## [TASK DETAILS]
Return exactly the lines of the data below, from the one that contains "Herbata SAGA, malinowa, 20 torebek" through the final line, and leave out every picture.

## [RECORDS SUPPLIED]
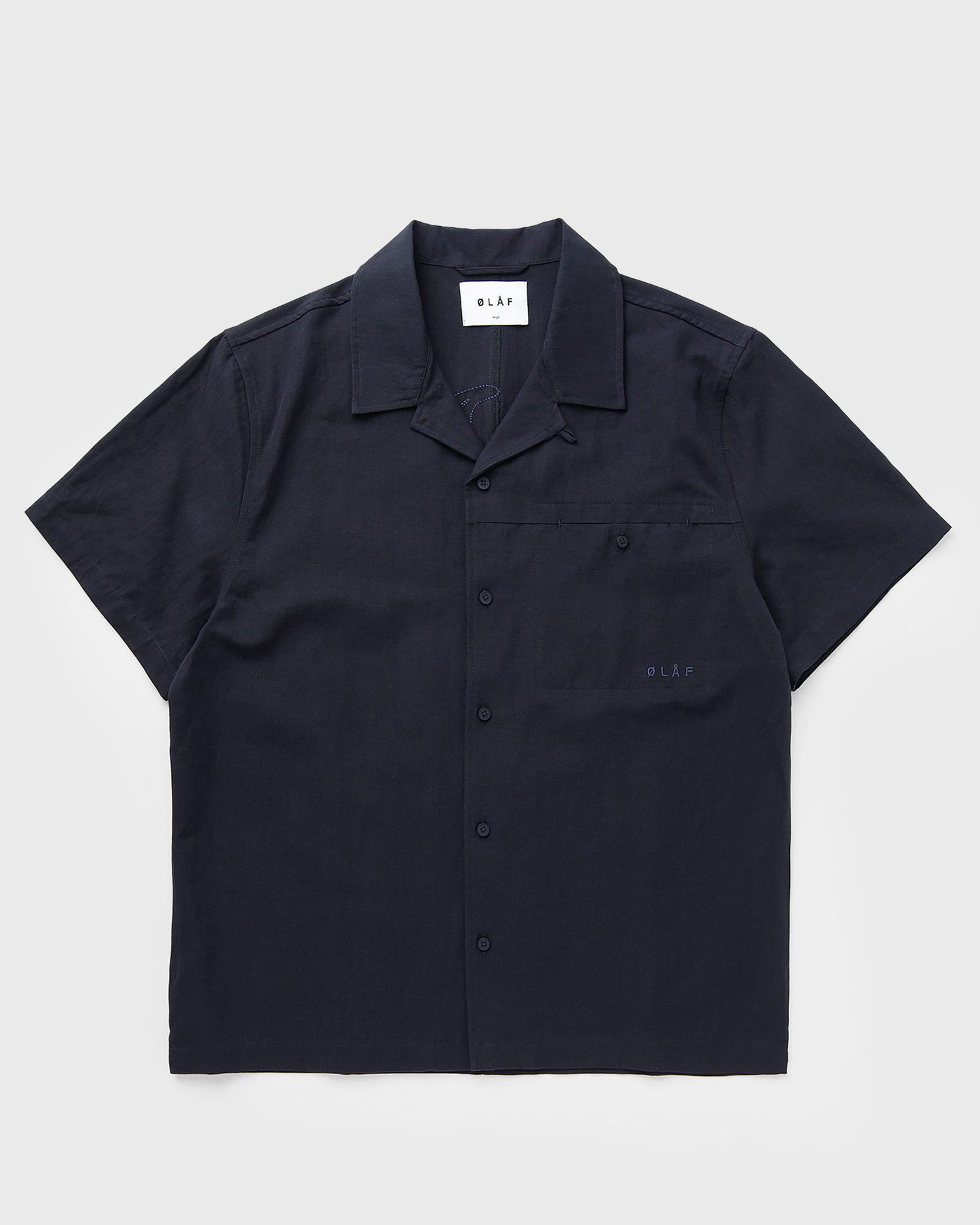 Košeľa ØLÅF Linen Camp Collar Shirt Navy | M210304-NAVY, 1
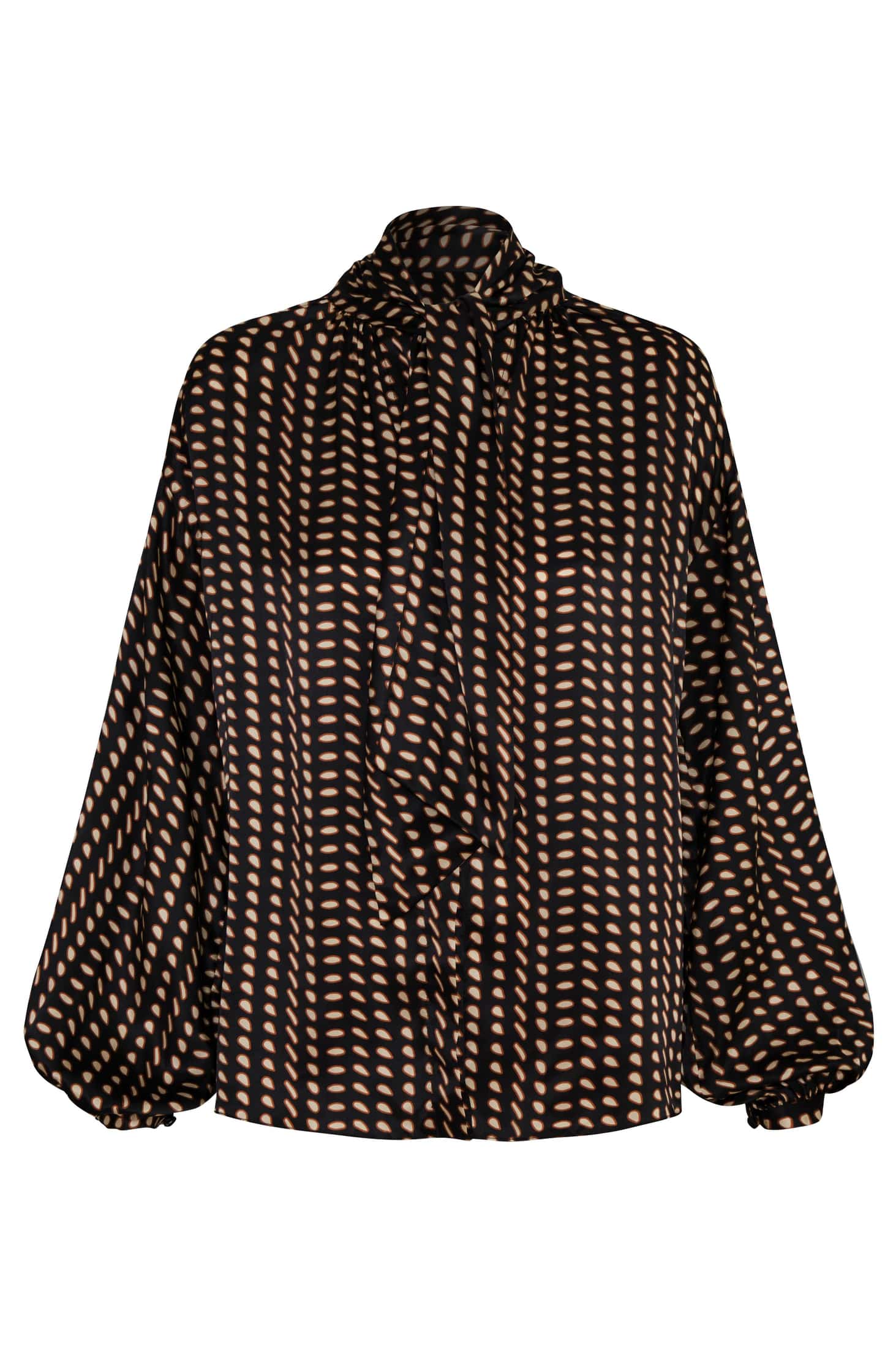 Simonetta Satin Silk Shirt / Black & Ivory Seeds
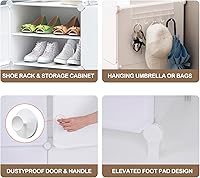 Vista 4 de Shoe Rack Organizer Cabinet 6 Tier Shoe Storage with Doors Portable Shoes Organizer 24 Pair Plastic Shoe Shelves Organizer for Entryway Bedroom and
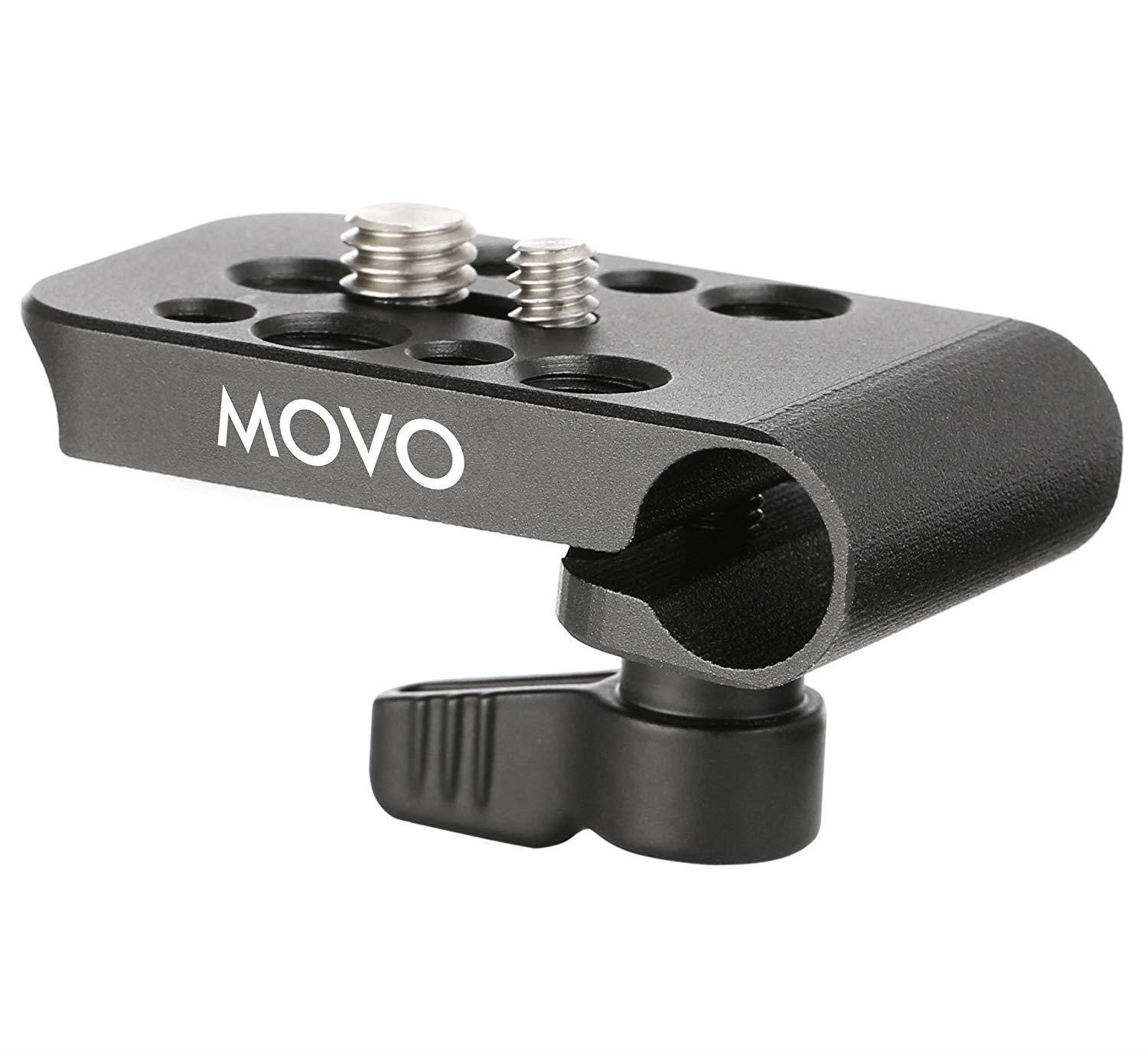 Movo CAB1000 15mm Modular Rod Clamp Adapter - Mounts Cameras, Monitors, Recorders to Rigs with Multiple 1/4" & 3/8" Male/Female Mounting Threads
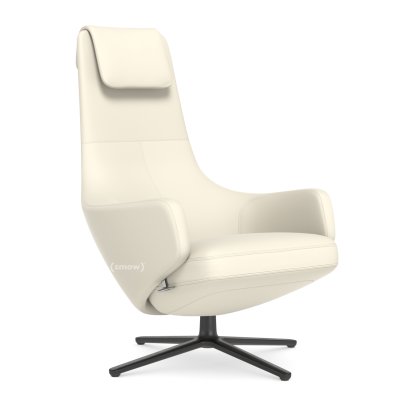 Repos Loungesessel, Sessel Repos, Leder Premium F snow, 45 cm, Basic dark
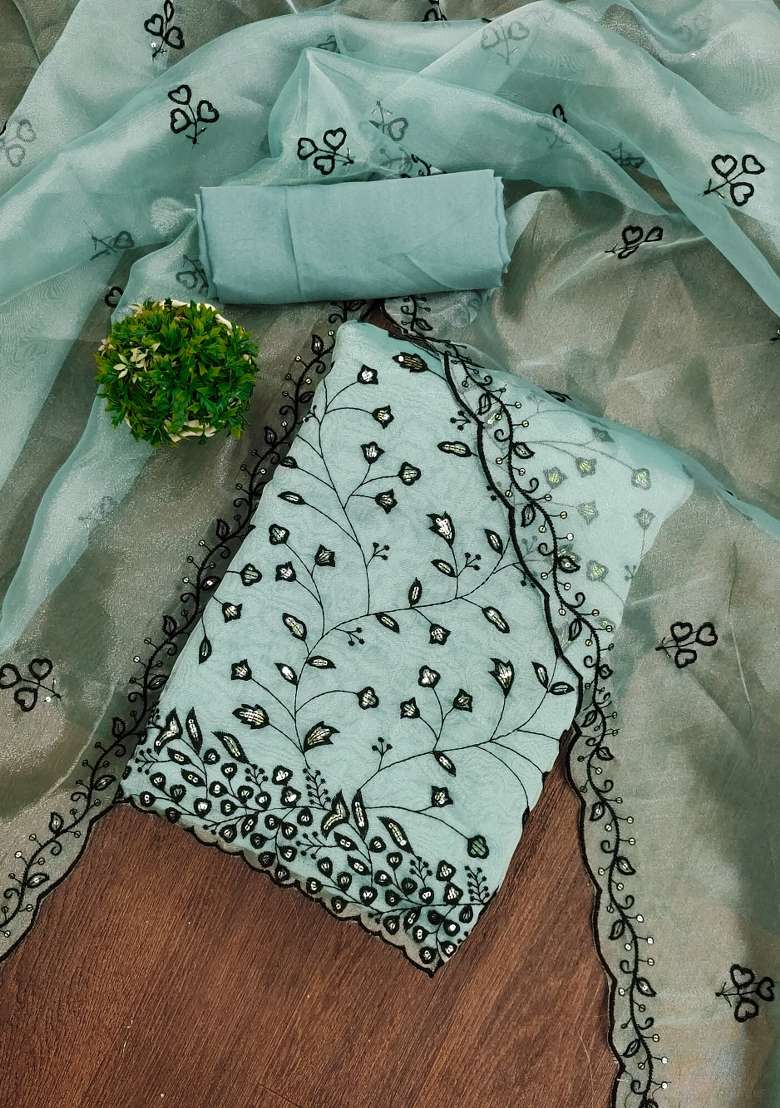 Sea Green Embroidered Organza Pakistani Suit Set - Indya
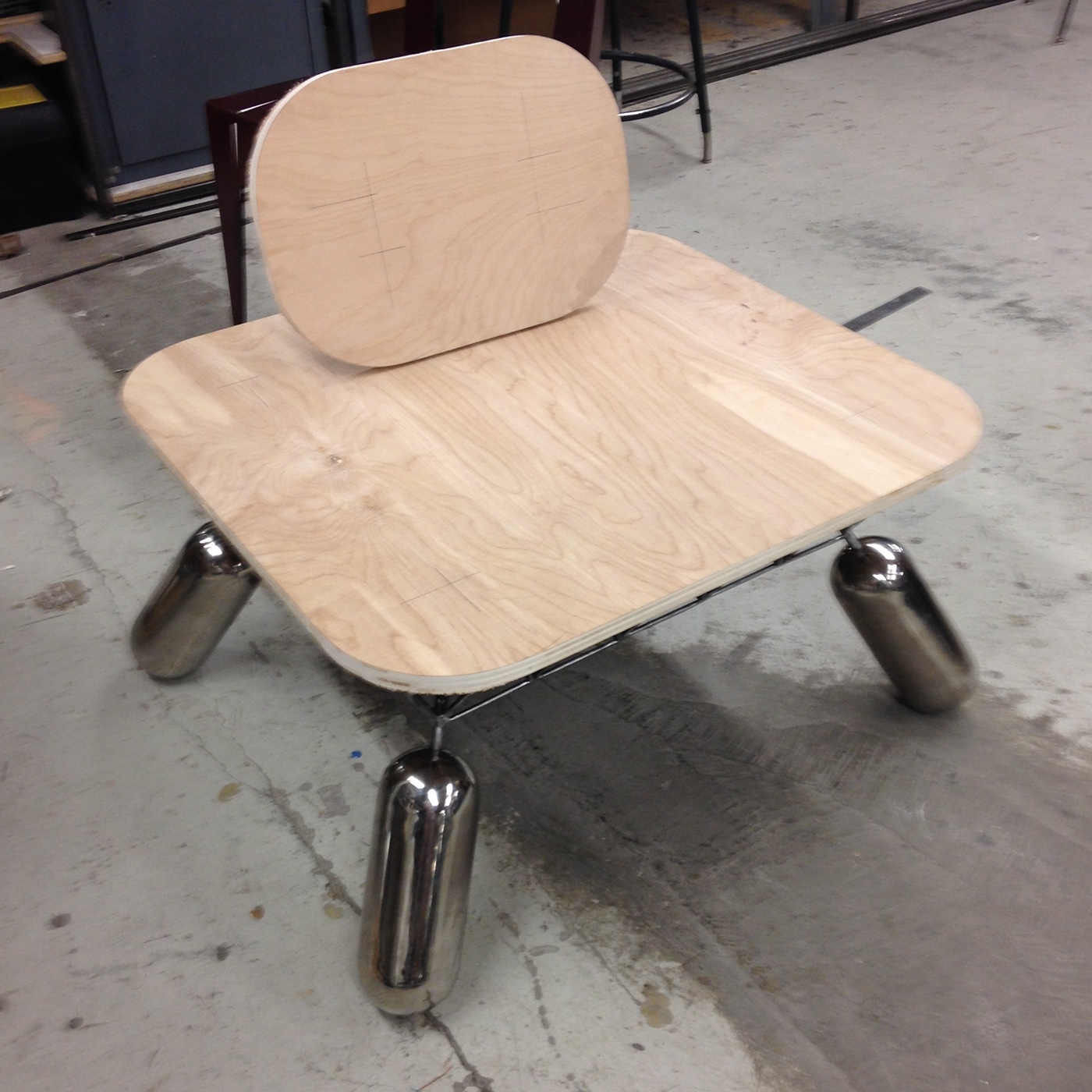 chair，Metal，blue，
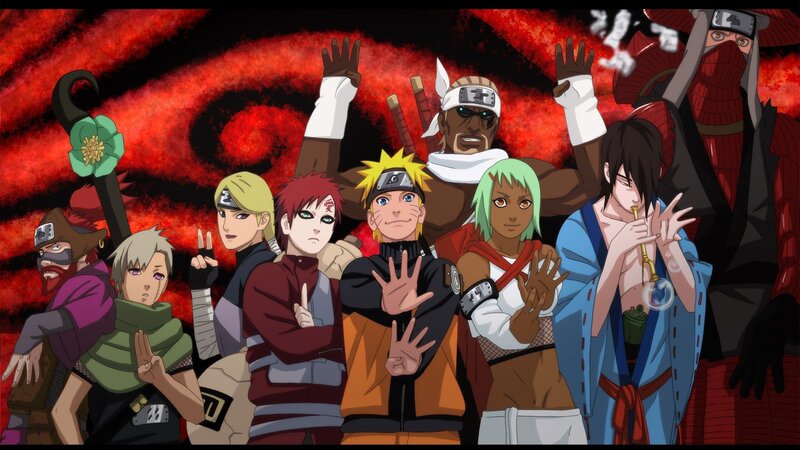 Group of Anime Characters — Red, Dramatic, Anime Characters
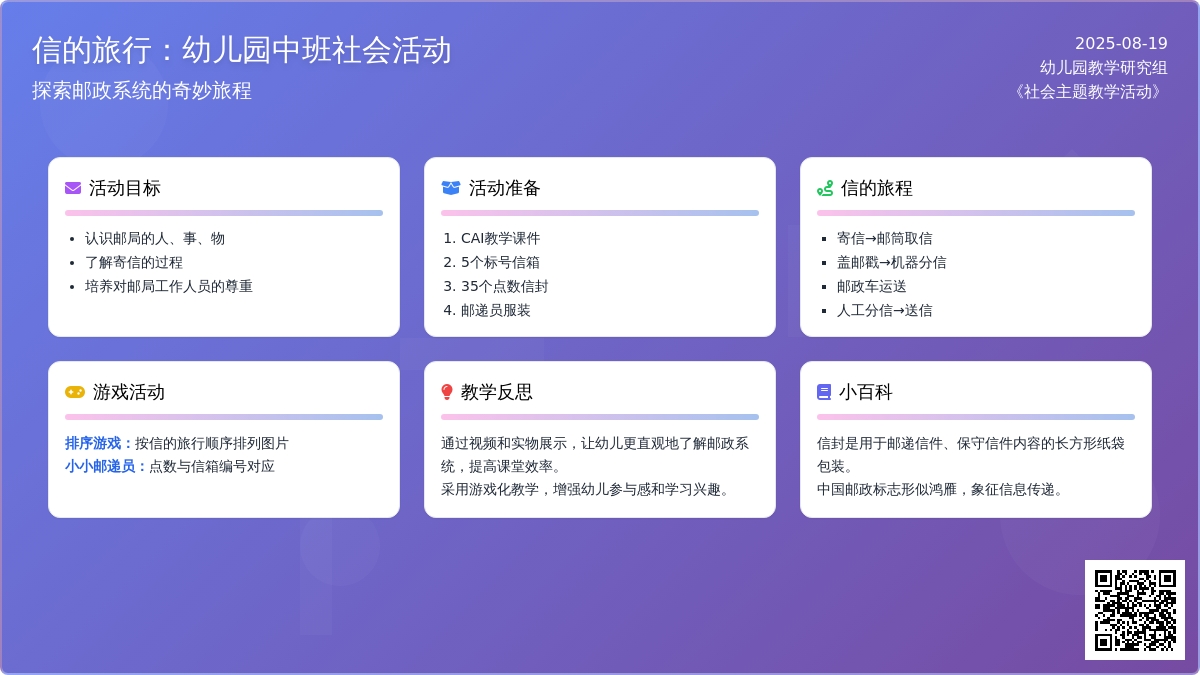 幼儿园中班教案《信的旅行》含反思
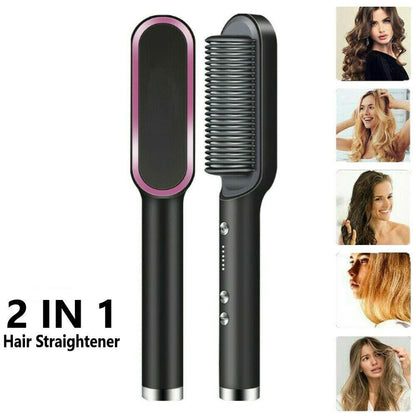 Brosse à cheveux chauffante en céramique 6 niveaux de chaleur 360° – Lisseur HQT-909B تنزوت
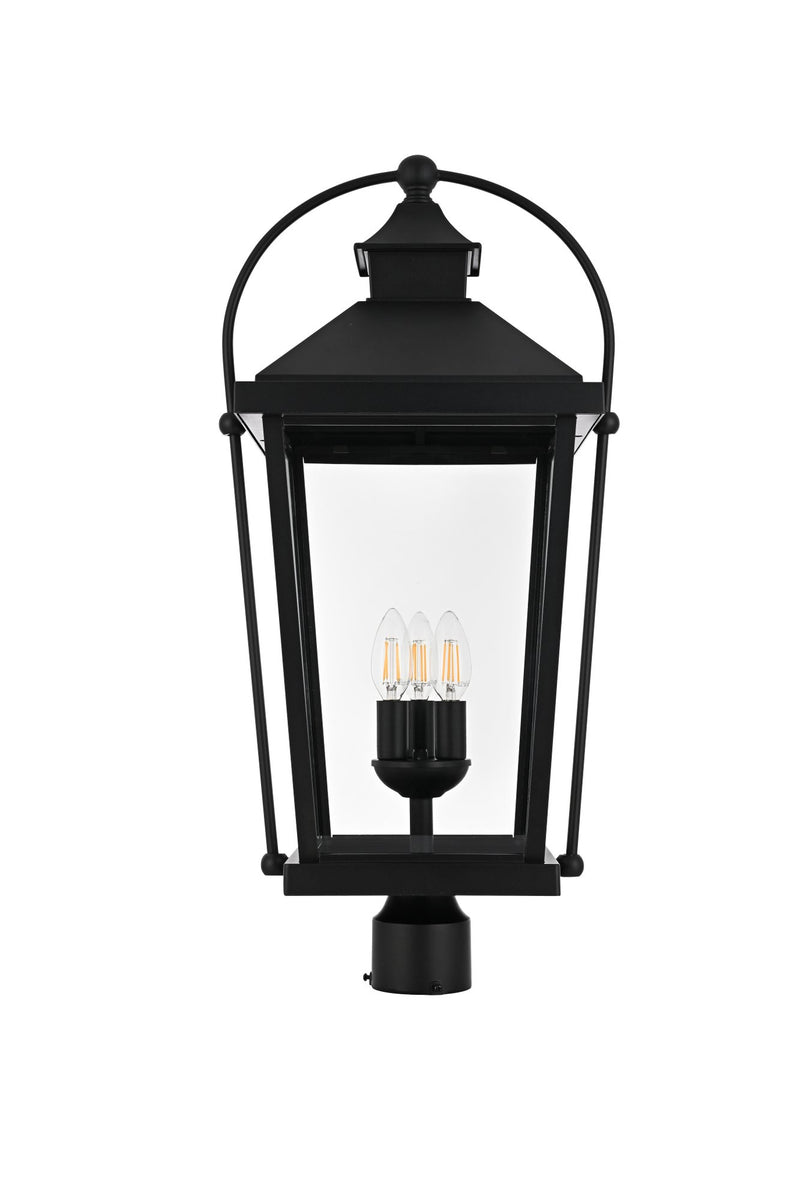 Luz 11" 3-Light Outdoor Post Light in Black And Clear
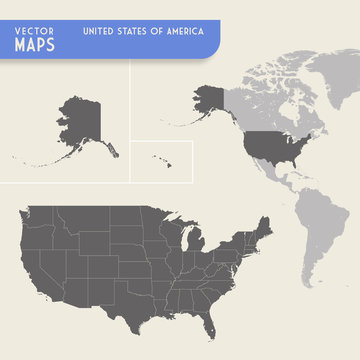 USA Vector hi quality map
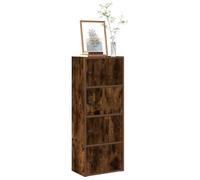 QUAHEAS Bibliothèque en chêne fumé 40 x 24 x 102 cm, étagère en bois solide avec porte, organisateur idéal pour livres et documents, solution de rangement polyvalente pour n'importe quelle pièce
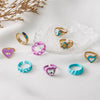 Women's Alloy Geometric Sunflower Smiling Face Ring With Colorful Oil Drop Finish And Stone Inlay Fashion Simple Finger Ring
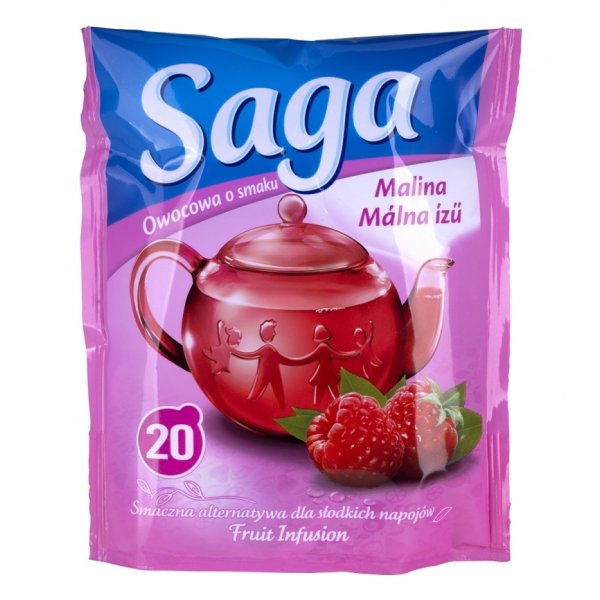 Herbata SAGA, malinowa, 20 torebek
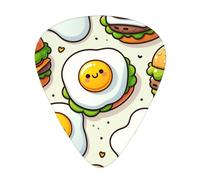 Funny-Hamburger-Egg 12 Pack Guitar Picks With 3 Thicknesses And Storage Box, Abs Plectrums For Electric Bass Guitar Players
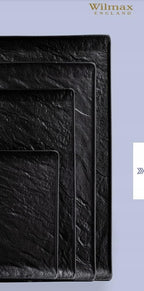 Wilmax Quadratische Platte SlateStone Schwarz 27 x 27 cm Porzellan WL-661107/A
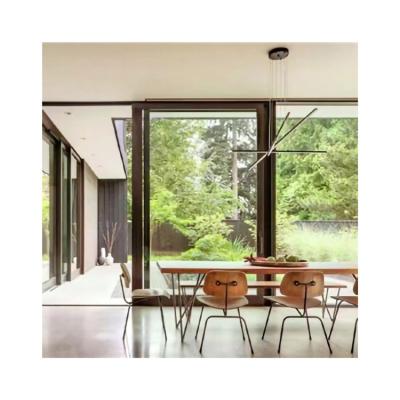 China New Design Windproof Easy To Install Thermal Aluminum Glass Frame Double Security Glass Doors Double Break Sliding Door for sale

## [RESPONSE AREA]
 Herbata SAGA, malinowa, 20 torebek
 Funny-Hamburger-Egg 12 Pack Guitar Picks With 3 Thicknesses And Storage Box, Abs Plectrums For Electric Bass Guitar Players
 Wilmax Quadratische Platte SlateStone Schwarz 27 x 27 cm Porzellan WL-661107/A
 China New Design Windproof Easy To Install Thermal Aluminum Glass Frame Double Security Glass Doors Double Break Sliding Door for sale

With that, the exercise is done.